Running system-level diagnostics

After installing a new DIMM, you should run diagnostics.

Before you begin

Your system must be at the LOADER prompt to start System Level Diagnostics.

About this task

All commands in the diagnostic procedures are issued from the node where the component is being replaced.

Steps

  1. If the node to be serviced is not at the LOADER prompt, perform the following steps:
    1. Select the Maintenance mode option from the displayed menu.
    2. After the node boots to Maintenance mode, halt the node: halt
      After you issue the command, you should wait until the system stops at the LOADER prompt.
      Important: During the boot process, you can safely respond y to prompts:
      • A prompt warning that when entering Maintenance mode in an HA configuration, you must ensure that the healthy node remains down.
  2. At the LOADER prompt, access the special drivers specifically designed for system-level diagnostics to function properly: boot_diags
    During the boot process, you can safely respond y to the prompts until the Maintenance mode prompt (*>) appears.
  3. Run diagnostics on the system memory: sldiag device run -dev mem
  4. Verify that no hardware problems resulted from the replacement of the DIMMs: sldiag device status -dev mem -long -state failed
    System-level diagnostics returns you to the prompt if there are no test failures, or lists the full status of failures resulting from testing the component.
  5. Proceed based on the result of the preceding step:
    If the system-level diagnostics tests... Then...
    Were completed without any failures
    1. Clear the status logs: sldiag device clearstatus
    2. Verify that the log was cleared: sldiag device status

      The following default response is displayed:

      SLDIAG: No log messages are present.
    3. Exit Maintenance mode: halt

      The node displays the LOADER prompt.

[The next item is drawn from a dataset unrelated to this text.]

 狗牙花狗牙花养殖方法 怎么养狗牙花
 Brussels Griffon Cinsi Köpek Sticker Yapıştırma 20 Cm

    4. Boot the node from the LOADER prompt: boot_ontap
    5. Return the node to normal operation:
      If your node is in... Then...
      An HA pair Perform a give back: storage failover giveback -ofnode replacement_node_name
      A two-node MetroCluster configuration Proceed to the next step.

      The MetroCluster healing and switchback procedures are done in the next task in the replacement process.

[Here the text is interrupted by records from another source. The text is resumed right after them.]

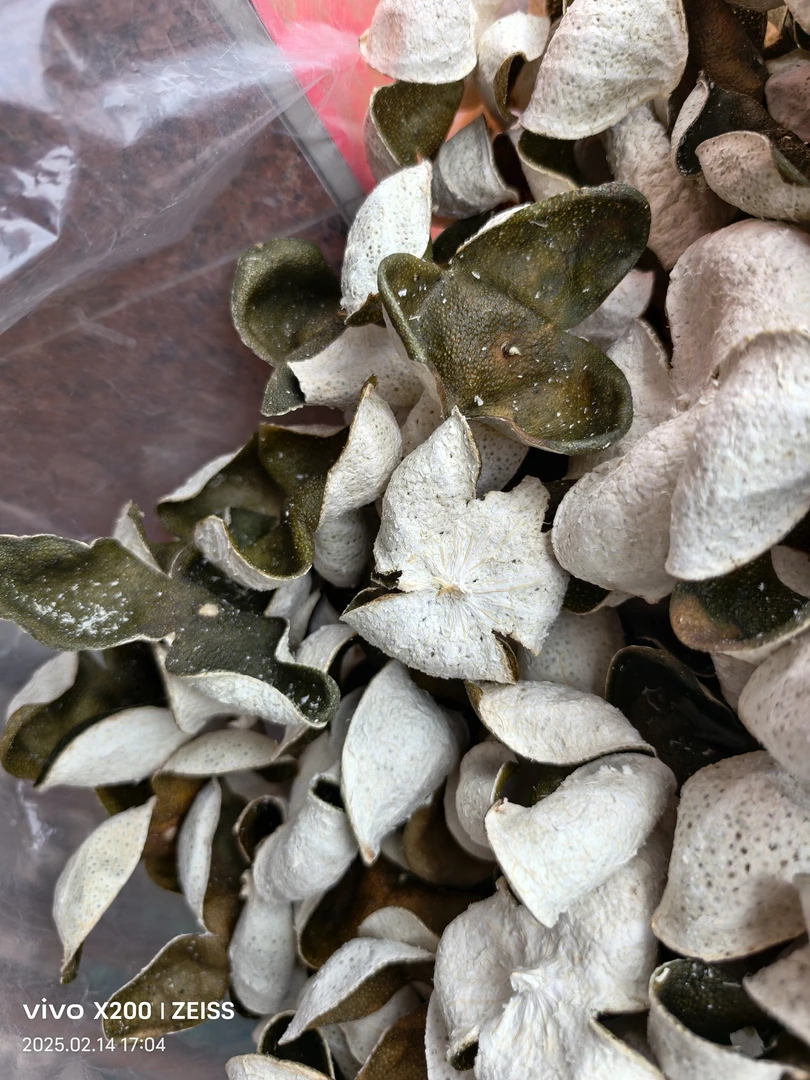 2024年的青皮陈皮（小青，微黄）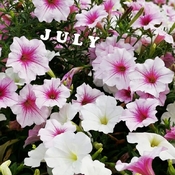 July 2 2022 20C Welcome July:) Petunia - Happy Summer in Thornhill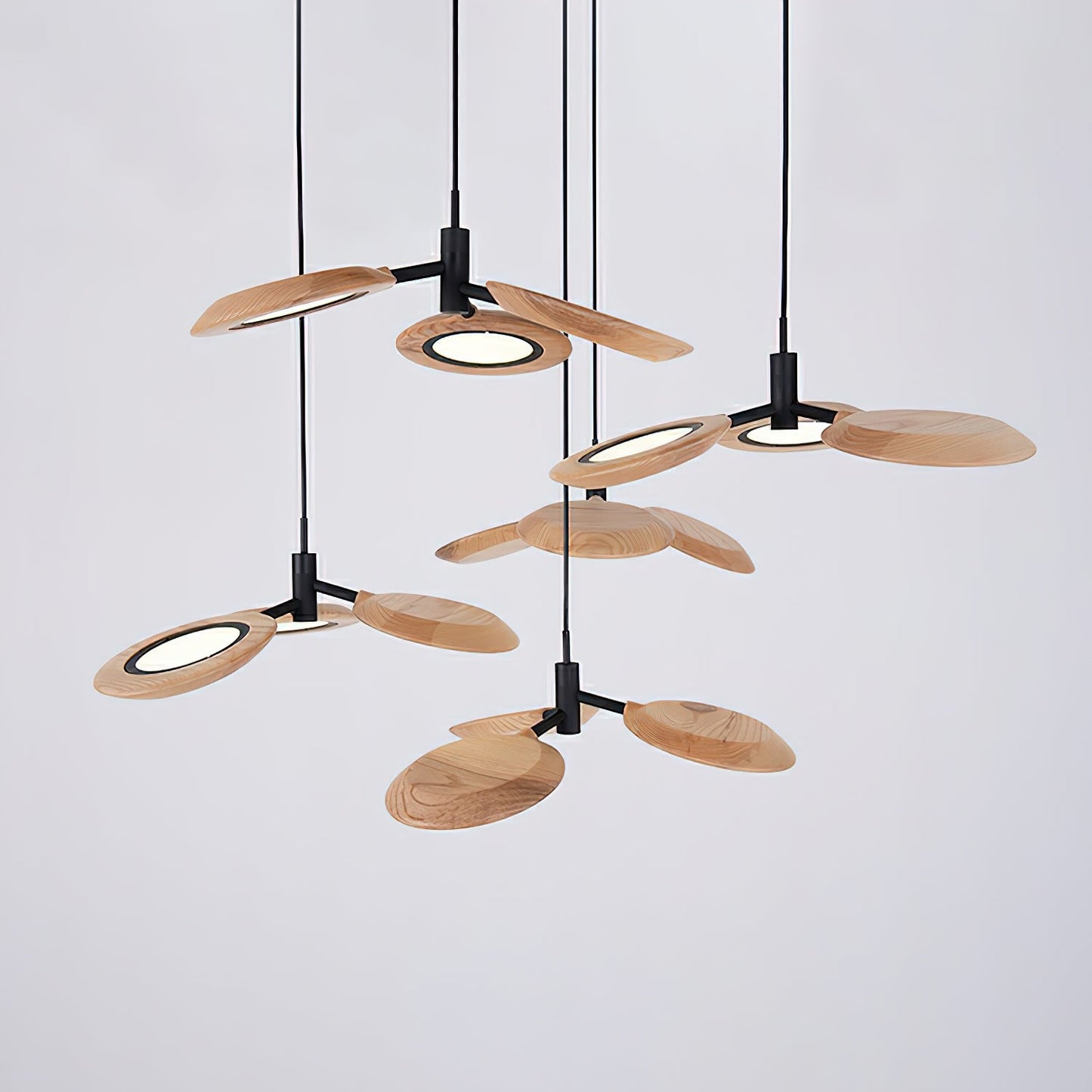 Hotaru Chandelier Chandelier
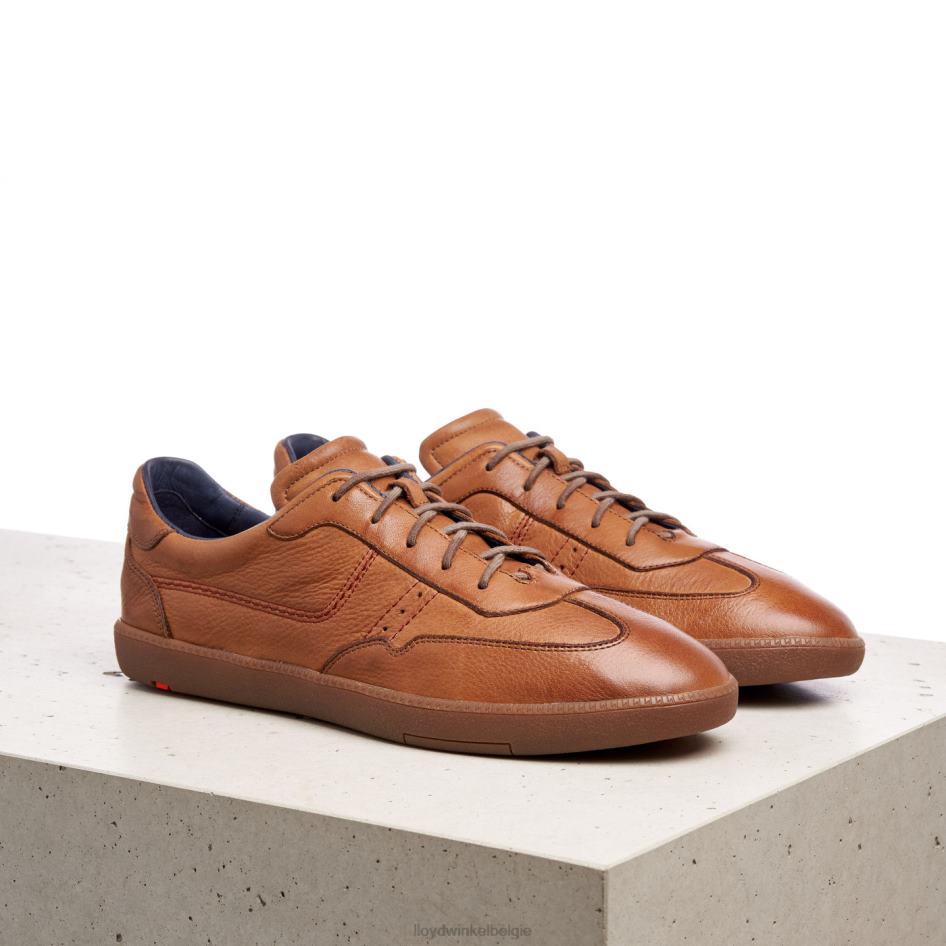 bastiaan Heren LLOYD bruin schoenen ZJ6BL423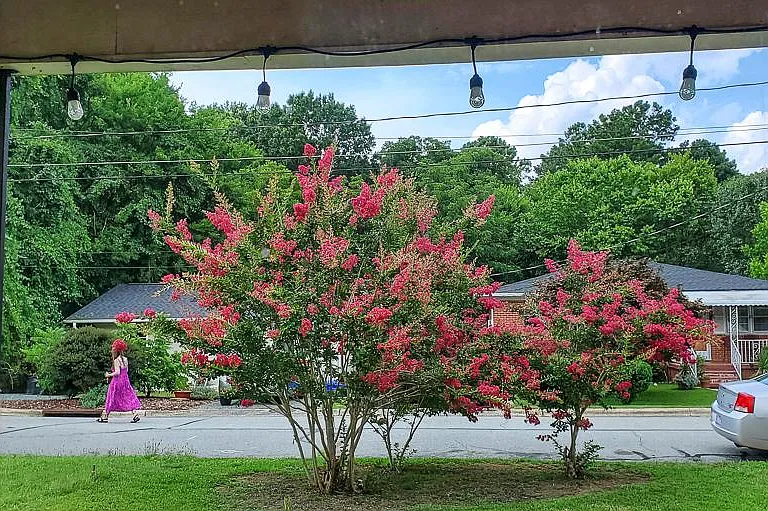 View from front porch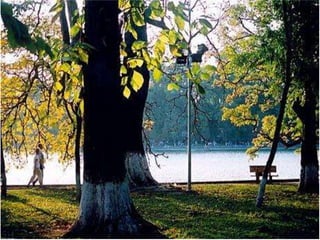 Nhớ Mùa Thu Hà Nội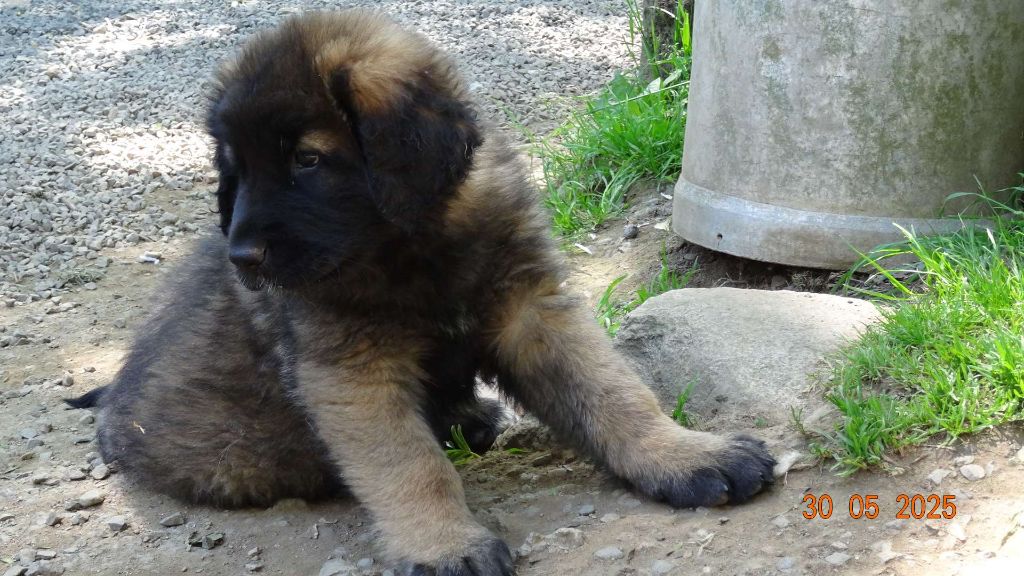 Au Coeur Cantalou - Chiots disponibles - Leonberger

      A stand-alone configuration Proceed to the next step.

      No action is required.

    You have completed system-level diagnostics.

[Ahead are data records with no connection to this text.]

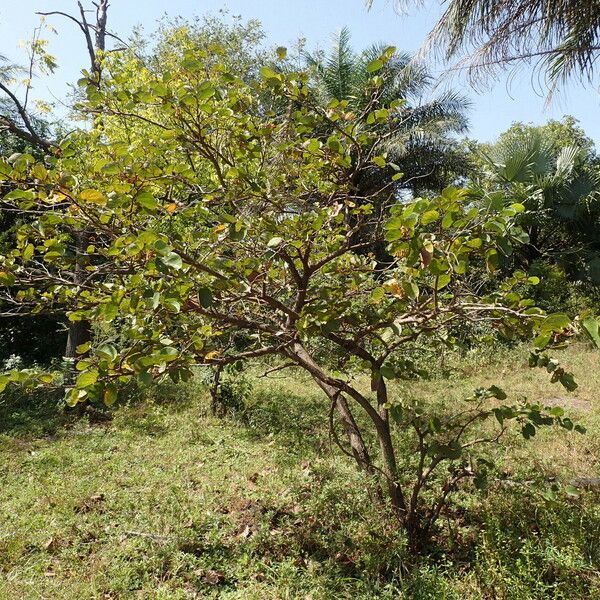 Piliostigma thonningii Yeri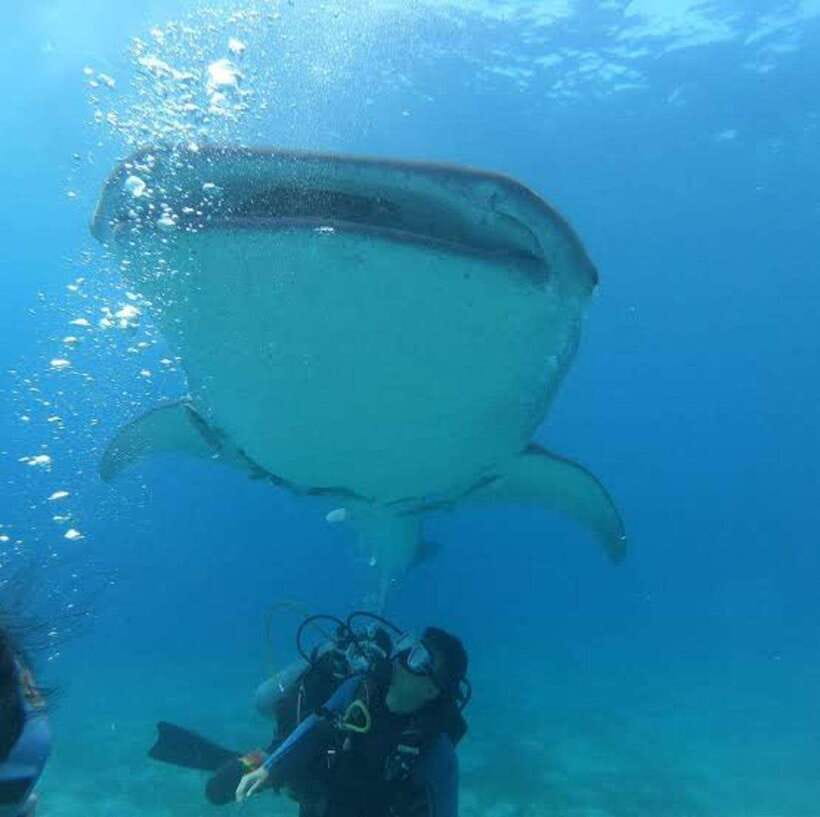 Cebu: Oslob Whaleshark Scuba Diving & Sumilon Sanctuary - Coffee and breakfast after the water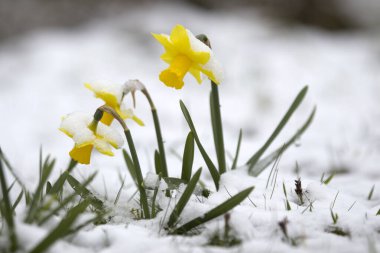 Hollanda Hoogeveen 'deki mezarlıkta karlı nergisler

    Resulted in some test failures Determine the cause of the problem:
    1. Exit Maintenance mode: halt

      After you issue the command, wait until the system stops at the LOADER prompt.

    2. Turn off or leave on the power supplies, depending on how many controller modules are in the chassis:
      • If you have two controller modules in the chassis, leave the power supplies turned on to provide power to the other controller module.
      • If you have one controller module in the chassis, turn off the power supplies and unplug them from the power sources.
    3. Verify that you have observed all the considerations identified for running system-level diagnostics, that cables are securely connected, and that hardware components are properly installed in the storage system.
    4. Boot the controller module you are servicing, interrupting the boot by pressing Ctrl-C when prompted to get to the Boot menu:
      • If you have two controller modules in the chassis, fully seat the controller module you are servicing in the chassis.

        The controller module boots up when fully seated.

      • If you have one controller module in the chassis, connect the power supplies, and then turn them on.
    5. Select Boot to maintenance mode from the menu.
    6. Exit Maintenance mode by entering the following command: halt

      After you issue the command, wait until the system stops at the LOADER prompt.

    7. Rerun the system-level diagnostic test.